Does Islam have a future in Korea? Yes, if that question means whether Islam has established a permanent presence on the peninsula. However, if that question is asking if Islam will soon become a significant religious force in Korea, challenging the dominance of Buddhism and Christianity, the answer is probably no. Christianity succeeded in Korea by adapting to Korean ways. A Korean Christian church is unlike most Christian churches in the rest of the world. There is a Korean approach to worship and church organization that draws Koreans to Korean churches even when they live overseas and have to drive past non-Korean churches in order to reach a church in which they will feel more comfortable.

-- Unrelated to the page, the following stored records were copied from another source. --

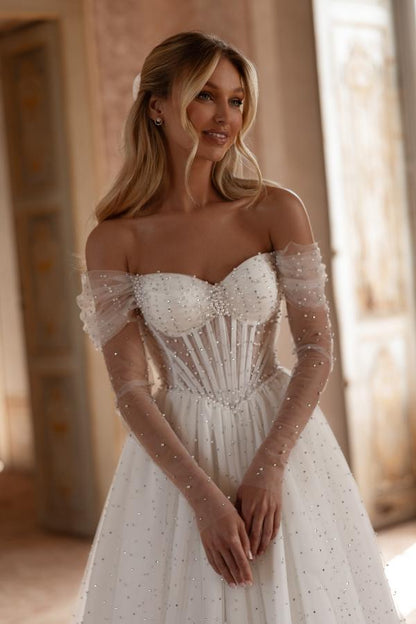 Schöne Hochzeitskleider A-Linie Brautkleider mit Glitzer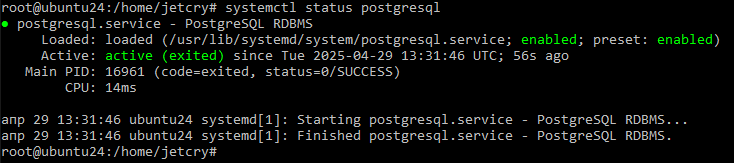 активное состояние службы postgresql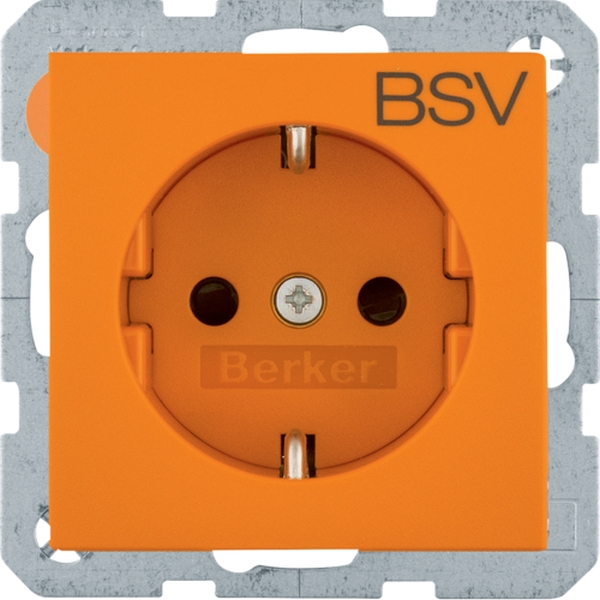 Berker 47231917 Schuko-Steckdose Aufdruck BSV erhöhter Berührungsschutz S.1/B.3/B.7 matt orange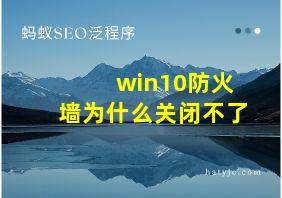 win10防火墙为什么关闭不了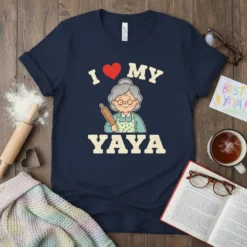 I Love My Yaya graphic t-shirt design with a cute illustration of a grandmother holding a rolling pin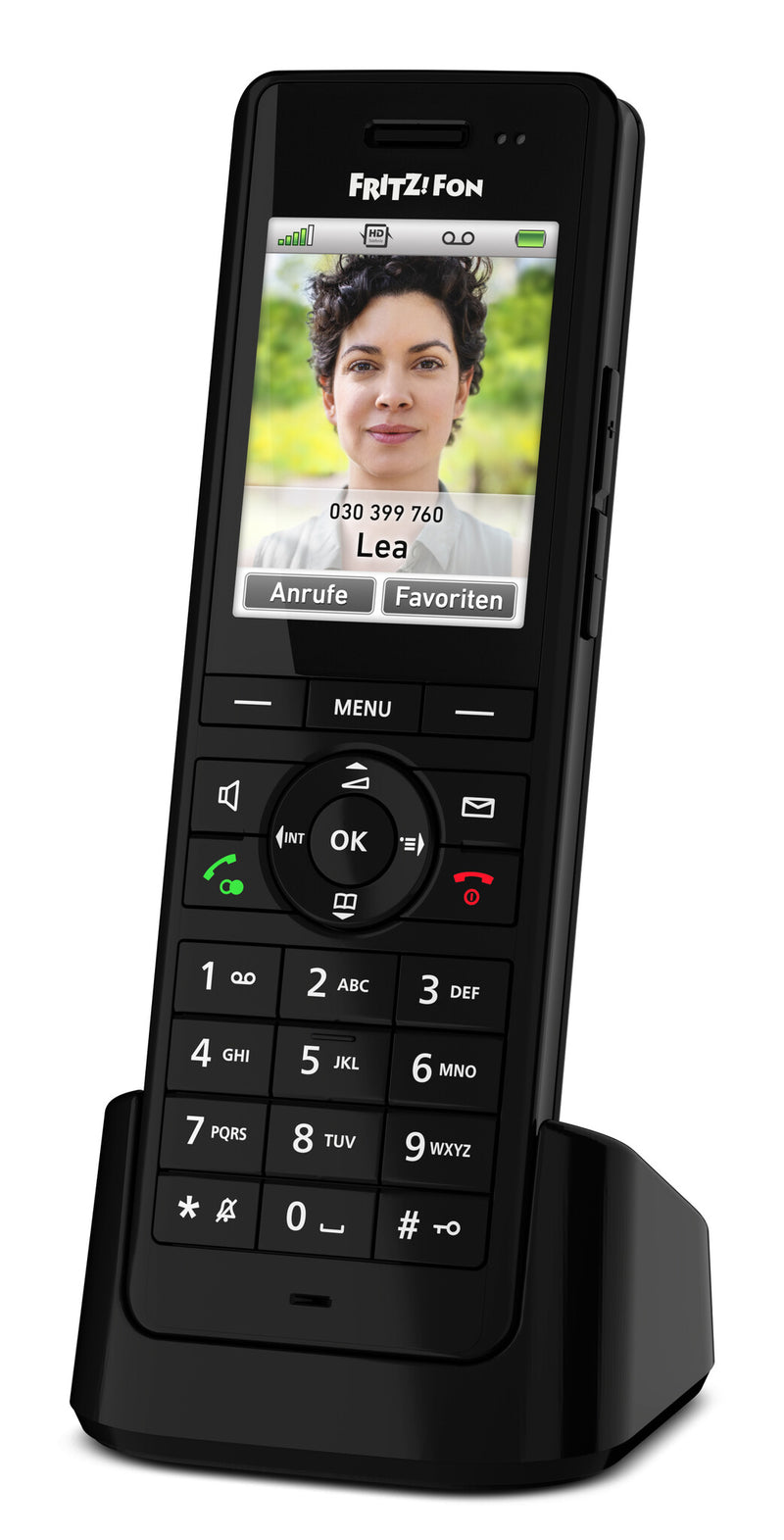 Fon FRITZ! X6 DECT telefon Nummervisning Sort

Islam, on the other hand, has resisted Koreanization. Perhaps because the number of foreign-born Muslims outnumbered the Korean-born only a few decades after the first Korean Islamic community was established, Islam in Korea still has the look and feel of an imported religion. A mosque in Korea does not look very Korean, inside or out. Moreover, Muslim worship services do not resemble any of the traditional Korean modes of worship.  This non-Korean appearance of Muslim ritual and worship, and the reluctance of Islam to bend its ethical and ritual demands to local customs, may be the primary reason why Islam will remain a minority religion on the Korean peninsula.

 Endnotes

  1. Hee-soo Lee, The Advent of Islam in Korea (Istanbul: Research Centre for Islamic History, Art and Culture (IRCICA), 1997), pp.40-53.
  2. Peter Lee, ed., A History of Korean Literature (Cambridge, England: Cambridge University Press, 2003), pp. 104-05.
  3. Koreans name their clans after the place where the clan progenitor lived. Jang settled down in the town of Deoksu in central Korea.
  4. Lee, The Advent of Islam in Korea, p. 199.
  5. Korean Muslims take Muslim personal names, which they use along with their original Korean names. For example, the current head of the Korea Muslim Federation is Abdul Razig Sohn Joo Young.